Breaking into the East Indian voting bloc is difficult because of their greater cultural cohesion

Dear Editor,

Mr Skinner, in his letter captioned “African intellectuals must be imaginative and consider new strategies other than aggression” (07.11.22) places the burden for the reduction of ethnic politics on Africans.

The accusation that African intellectuals have not placed emphasis on production strategies is false. Mr Burnham certainly placed emphasis on a production strategy that was anti-colonial.

It failed for the reason that it was not based on participation by the East Indian grassroots in its formulation and because it bit off more than it could chew in its challenge to imperialism. Mr Hoyte, after Mr Burnham, reverted to a neo-liberal market strategy in his Economic Recovery Programme that East Indians welcomed and benefited from.

It is the PPP that has been unimaginative about new strategies. Dr Jagan in 1957 intensified rice production to the exclusion of developing other agricultural activities. The current PPP management continues the 1957 rice production emphasis while deepening sugar plantation production at Skeldon. A great show was made in the early 1990s of enhancing agricultural technology at the National Agricultural Research Institute (NARI) which amounted to no more than re-inventing the wheel. Some aquaculture has been added to the colonial activities while ground provisions and vegetables have been expanded in East Indian communities for the domestic market and for export, primarily to Europe.

Messrs Stanley Ming, Eric Phillips and Kadz Khan proposed the Guyana 21 strategy in 1994 which Dr Jagan immediately squelched. Mr PQ DeFreitas, supported by investors from Germany and the United States, formulated programmes in the late 1990s for expanding bauxite industry products.

The PPP immediately killed those proposals. Mr Hoyte and Mr Greenidge left office with an energy plan that the IDB was prepared to finance to the extent of US$80 million. The PPP leadership rejected the offer on the ideological grounds that it included a private sector generating operation.

Recently the IDB made finance available for a road to Timehri that will parallel the East Bank road.

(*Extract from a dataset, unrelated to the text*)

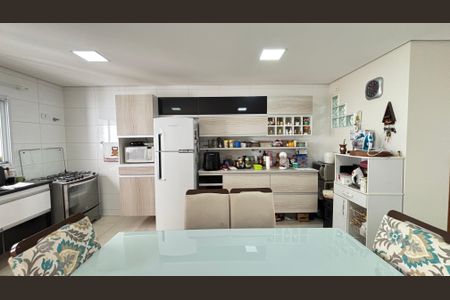 Casa à venda com 181m², 3 quartos e 4 vagas Casa à venda com 181m², 3 quartos e 4 vagasCozinha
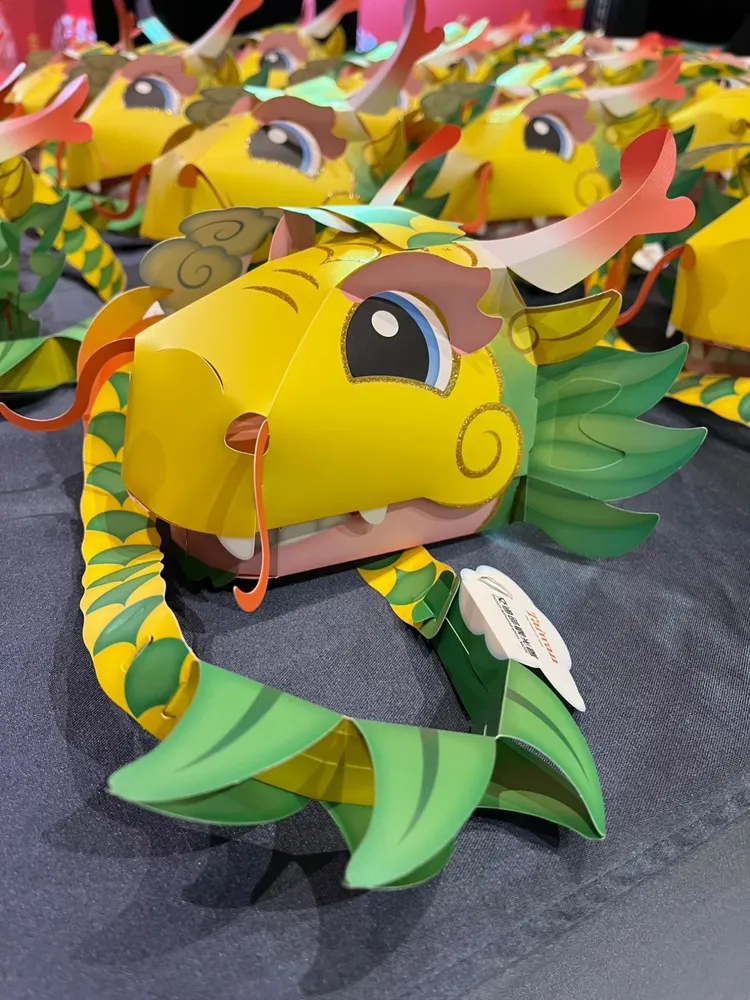 小龍包提燈造型可愛。市府提供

So far, President Jagdeo has not drawn on the funds.

The parallel road was first conceived by Mr Burnham and was part of the Guyana 21 programme of projects. The rejection of a Burnham idea is a standard reflex response of the PPP.

In the meantime, the government has struggled along with what is, in effect, an ethnic development strategy.

The cricket stadium, the resurfacing and the lighting of the country roads, the airport improvement, the traffic lights, the Skeldon project, the Berbice River bridge, the accommodation of narcotic drug financed projects, the cosseting of money launderers, the under taxation of the East Indian business class-these efforts bias development away from western finance to a mixture of Indian and drug finance.

The effect of this PPP development approach is to keep the country in the plantocracy type rivalry between East Indians and Africans with the consequent concepts of either East Indian rule or African rule. Mr Ogunseye must be understood in that context.

When seen in these terms, even shared governance amounts to the most enlightened solution to the racial rivalry bequeathed to us by a plantocracy that used racial rivalry to prop up an ailing sugar industry. Consociational models are only relevant if perceived in terms of the plantation on which we still largely live.

Mr Skinner is a victim of the plantation. He is confused, thinking at one level that all East Indians have the same interest as the leaders of the bloc, and, at another level, that the PNC and the AFC can break into the bloc.

In respect of the second level, he does not specify how to break into the bloc.

Breaking into the East Indian bloc is more difficult than breaking into the African bloc because of the greater cultural cohesion of the East Indian group.

A division in the East Indian ranks will come about when East Indian workers and East Indian peasants are led to challenge the hegemony of the East Indian elite. If that challenge is seen as coming primarily from Africans, the cultural cohesiveness of the East Indians will lead to their closing ranks very quickly.

They closed ranks against Mr Ravi Dev, Mr Sharma and Mr Ramjattan and will do so more quickly if the challenge comes from Mr Corbin.

East Indian trade union leaders may have the best chance. They should see the commonality of workers’ interests and resist the emerging class society led by the PPP, the East Indian business class, the Colombians and the Brazilians.

Does Mr Skinner think that African intellectuals can break control by the criminal elite by thinking out of the box?

It is Mr Komal Chand and his colleagues in GAWU who must ask themselves whether they are satisfied with the fate of cane cutters who are consigned to eternal servitude.

Somewhat less than half of the cane that will supply the Skeldon factory will come from cane cutters. Why? Cane cutters are migrating to Suriname.

They are likely to remain in Guyana if they are cane farmers. GAWU should recognise that the FITUG fracturing of the trade union movement amounts to the strengthening of a PPP dictatorship that will be supported by Colombians and Brazilians and that will exert tyrannical control over the lower classes of all races.

In the meantime, Africans should consolidate their ranks to resist oppression. They have formulated development strategies in the past, which have been, for the most part, rejected.